Rugby parents with children in childcare may be worse off under changes to the benefits system, according to a cross-party group of councillors.
A specially-formed ‘task group’ believes that the new Universal Credit system will reward work – but that some in town will lose out. Rugby has been chosen as one of a handful of towns where the scheme will be tested in November.
Universal Credit will replace six of the main means-tested benefits and tax credits including JSA, income support, ESA, tax credits, housing benefit and support for childcare costs.
The borough council’s Universal Credit and Welfare Reform Task Group reported earlier this month that it is “clear from the calculations that Universal Credit would reward work.”
But the group added: “Some claimants with children in childcare would be worse off under the scheme.”
The councillors also discussed anomalies in payments. For example, as Universal Credit is calculated on a monthly basis, some salaries are often calculated on a four-weekly or weekly basis.
The group also highlighted “financial risk” and “reputational risks” for the council due to increasing rent arrears. In addition, members described the software package for the scheme as “currently very limited”.
Earlier this month the National Audit Office also criticised the Government’s approach to Universal Credit, citing “weak management, ineffective control and poor governance”. But it added that the changes would bring improvements if those in charge learn from their mistakes.
Rugby MP Mark Pawsey believes the changes will bring significant improvements.
He said: “I have looked at the report from Rugby Borough Council’s Universal Credit and Welfare Reform Task Group. It recognises that Universal Credit will help people back into work and it also draws attention to the importance of childcare, and that is why the Government is committed to investing an additional £300m into childcare support.
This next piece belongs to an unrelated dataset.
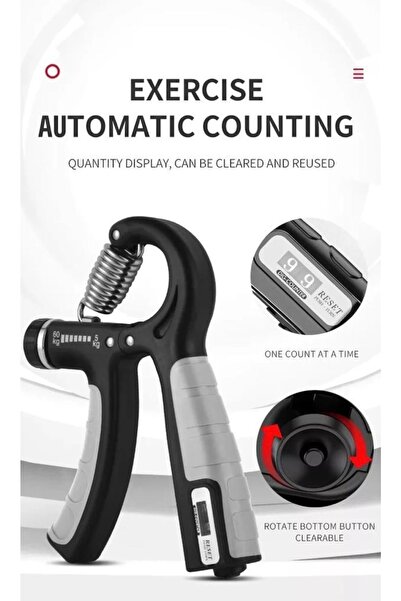 Leyaton Siyah 5-60 Kg Ayarlanabilir El Güçlendirici Yay Hand Grip Trainer - A...
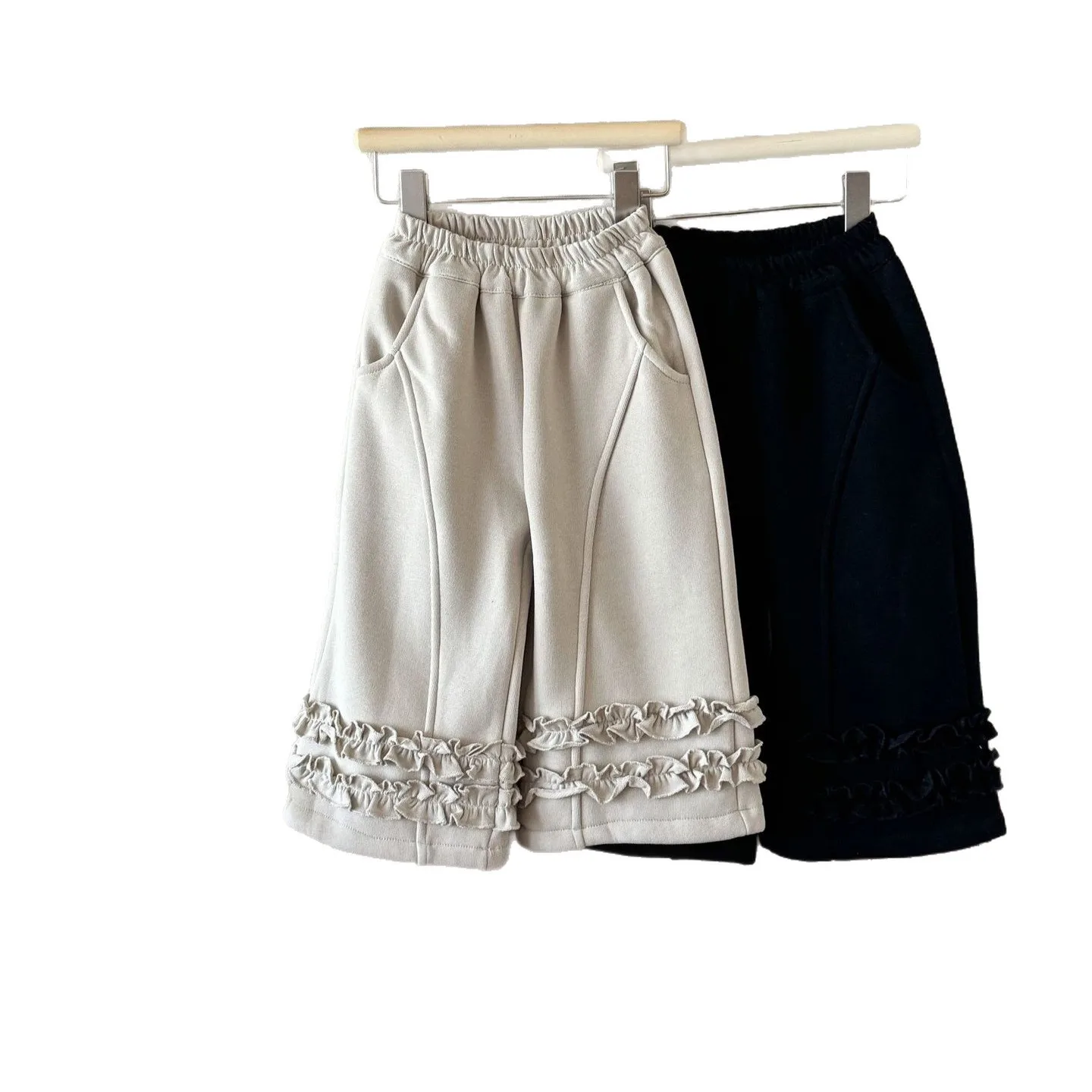 2025 الفتيات الكورية الخريف والشتاء جديد بلون الدانتيل التخسيس تنوعا واسعة الساق السراويل زائد المخملية السراويل المستقيمة بوتيك #5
“The Government has already taken steps to address issues raised in the recent National Audit Office report.
“It should be noted that this report concludes that Universal Credit will deliver a fundamental benefit to society of about £38 billion by 2022-23.
“I believe the majority of the people in Rugby will agree with me that work should always pay, and that the system needs to be fair to the tax payer as well as those who need support.”
Only “straightforward cases”, for example, single people without children and without caring responsibilities who are ‘job ready’, will be switched to Universal Credit when the system is introduced in Rugby,
See page 11 for more on the implications of Universal Credit for people in Rugby.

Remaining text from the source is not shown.